Binomial / work in progress
I’ve been working on a new geometry, and therefore to some extent a new series of images. I’m working with the title Binomial, not sure if that’s where I’m going to stick, probably not I suspect, but we’ll see.
In this first phase it’s been an engaging look at how best to pack a set of spheres into a toroid, a mathematical puzzle that you might think would have been broadly resolved by now, but in fact I haven’t been able to find very much about the geometry and its potential online at all.
There’s an interesting payoff between the number of spheres you want to use, the way they sit together, and the patterns they create in the larger whole, in some ways rather similar to the way seeds are packed into a seedhead in nature.
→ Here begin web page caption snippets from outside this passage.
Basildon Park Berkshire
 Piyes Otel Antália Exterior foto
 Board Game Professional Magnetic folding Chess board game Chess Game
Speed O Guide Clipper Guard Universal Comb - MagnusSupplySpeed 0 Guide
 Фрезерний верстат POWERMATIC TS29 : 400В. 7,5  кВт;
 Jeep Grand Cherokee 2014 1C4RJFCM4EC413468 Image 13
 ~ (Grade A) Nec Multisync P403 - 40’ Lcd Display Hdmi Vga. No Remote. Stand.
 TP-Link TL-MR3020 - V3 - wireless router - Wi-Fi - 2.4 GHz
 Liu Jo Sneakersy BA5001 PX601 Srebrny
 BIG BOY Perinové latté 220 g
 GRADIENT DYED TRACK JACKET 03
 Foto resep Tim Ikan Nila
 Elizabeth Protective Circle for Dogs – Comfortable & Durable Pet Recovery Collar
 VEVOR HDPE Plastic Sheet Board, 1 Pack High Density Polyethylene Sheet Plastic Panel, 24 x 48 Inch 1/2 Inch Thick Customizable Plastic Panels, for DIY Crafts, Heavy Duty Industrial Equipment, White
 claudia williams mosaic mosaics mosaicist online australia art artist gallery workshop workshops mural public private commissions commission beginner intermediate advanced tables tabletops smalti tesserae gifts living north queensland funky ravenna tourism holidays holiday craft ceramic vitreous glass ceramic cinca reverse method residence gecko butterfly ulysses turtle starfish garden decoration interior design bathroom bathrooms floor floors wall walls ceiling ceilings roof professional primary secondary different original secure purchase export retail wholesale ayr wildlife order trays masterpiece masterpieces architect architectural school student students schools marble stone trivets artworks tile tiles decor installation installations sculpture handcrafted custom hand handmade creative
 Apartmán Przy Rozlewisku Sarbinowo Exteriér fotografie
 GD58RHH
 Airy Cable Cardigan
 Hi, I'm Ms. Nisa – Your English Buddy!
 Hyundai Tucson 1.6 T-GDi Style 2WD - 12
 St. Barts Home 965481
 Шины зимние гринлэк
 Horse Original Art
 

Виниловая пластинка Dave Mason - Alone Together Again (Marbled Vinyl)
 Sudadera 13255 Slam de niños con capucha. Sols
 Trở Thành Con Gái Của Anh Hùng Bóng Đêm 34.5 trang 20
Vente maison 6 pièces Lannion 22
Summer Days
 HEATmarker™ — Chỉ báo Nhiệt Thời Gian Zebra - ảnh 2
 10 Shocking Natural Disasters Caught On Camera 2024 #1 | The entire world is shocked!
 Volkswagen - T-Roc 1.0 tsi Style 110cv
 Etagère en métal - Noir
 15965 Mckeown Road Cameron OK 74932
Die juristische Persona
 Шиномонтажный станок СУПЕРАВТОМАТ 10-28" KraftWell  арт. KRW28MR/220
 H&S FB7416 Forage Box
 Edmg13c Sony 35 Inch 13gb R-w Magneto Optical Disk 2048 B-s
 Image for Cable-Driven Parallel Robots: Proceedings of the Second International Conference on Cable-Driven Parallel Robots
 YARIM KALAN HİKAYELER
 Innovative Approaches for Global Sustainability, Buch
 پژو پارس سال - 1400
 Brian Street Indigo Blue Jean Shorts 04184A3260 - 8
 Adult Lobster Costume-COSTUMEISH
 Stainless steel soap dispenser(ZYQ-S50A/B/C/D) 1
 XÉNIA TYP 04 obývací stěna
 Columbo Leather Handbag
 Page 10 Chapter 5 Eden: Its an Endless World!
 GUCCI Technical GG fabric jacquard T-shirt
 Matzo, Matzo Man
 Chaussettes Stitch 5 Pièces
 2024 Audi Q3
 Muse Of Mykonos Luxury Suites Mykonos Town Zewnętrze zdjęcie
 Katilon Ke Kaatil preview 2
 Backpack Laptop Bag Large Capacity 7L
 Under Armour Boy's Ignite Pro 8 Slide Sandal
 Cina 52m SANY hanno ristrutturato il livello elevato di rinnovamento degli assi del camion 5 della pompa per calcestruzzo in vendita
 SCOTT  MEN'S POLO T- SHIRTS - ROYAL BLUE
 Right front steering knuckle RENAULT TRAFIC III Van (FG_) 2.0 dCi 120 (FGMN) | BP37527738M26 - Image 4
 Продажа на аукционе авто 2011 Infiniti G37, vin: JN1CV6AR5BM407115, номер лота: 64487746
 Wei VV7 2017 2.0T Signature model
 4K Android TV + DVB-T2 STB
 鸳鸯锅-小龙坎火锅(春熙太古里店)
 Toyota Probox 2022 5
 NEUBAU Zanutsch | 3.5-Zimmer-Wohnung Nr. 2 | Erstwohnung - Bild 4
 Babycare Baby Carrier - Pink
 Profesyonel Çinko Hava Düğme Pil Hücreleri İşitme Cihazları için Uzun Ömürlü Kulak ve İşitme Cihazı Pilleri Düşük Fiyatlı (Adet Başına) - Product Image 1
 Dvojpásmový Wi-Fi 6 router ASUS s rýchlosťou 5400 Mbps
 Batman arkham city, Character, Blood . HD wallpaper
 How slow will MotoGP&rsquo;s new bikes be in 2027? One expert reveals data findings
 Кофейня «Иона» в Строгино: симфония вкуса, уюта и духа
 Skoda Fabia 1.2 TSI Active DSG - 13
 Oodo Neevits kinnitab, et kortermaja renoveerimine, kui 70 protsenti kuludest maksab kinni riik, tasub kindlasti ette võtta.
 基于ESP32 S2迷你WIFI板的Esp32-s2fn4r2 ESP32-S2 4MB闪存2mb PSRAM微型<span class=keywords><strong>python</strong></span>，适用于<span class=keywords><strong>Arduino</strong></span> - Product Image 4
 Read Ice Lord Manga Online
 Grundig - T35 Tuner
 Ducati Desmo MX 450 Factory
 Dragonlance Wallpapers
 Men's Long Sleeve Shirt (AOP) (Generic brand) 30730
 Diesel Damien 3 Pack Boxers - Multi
Alongside the packing I’m looking at a series of rotations that allow me to spin the individual components inside the space, this isn’t massively evident yet, but it’s a second set of numbers that create a kind of oppositional rhythm, mapped within the phases of the initial set of moves.
I’ve read that pure maths, to some extent, is simply the study of energy, pattern and movement, a kind of numerical abstraction, that drives form and nature. It’s an area that continues to fascinate me.
It’s worth noting that I’m using a kind of digital Post It note system here, not to colour the geometry, but to categorise the potential for colour distribution across the picture plane.
It’s a visual shorthand for understanding how the colours will shift, ahead of applying a real palette of hues, which inevitably then influence how you feel about the work. The key at this stage is to stay in neutral whilst the composition is being analysed.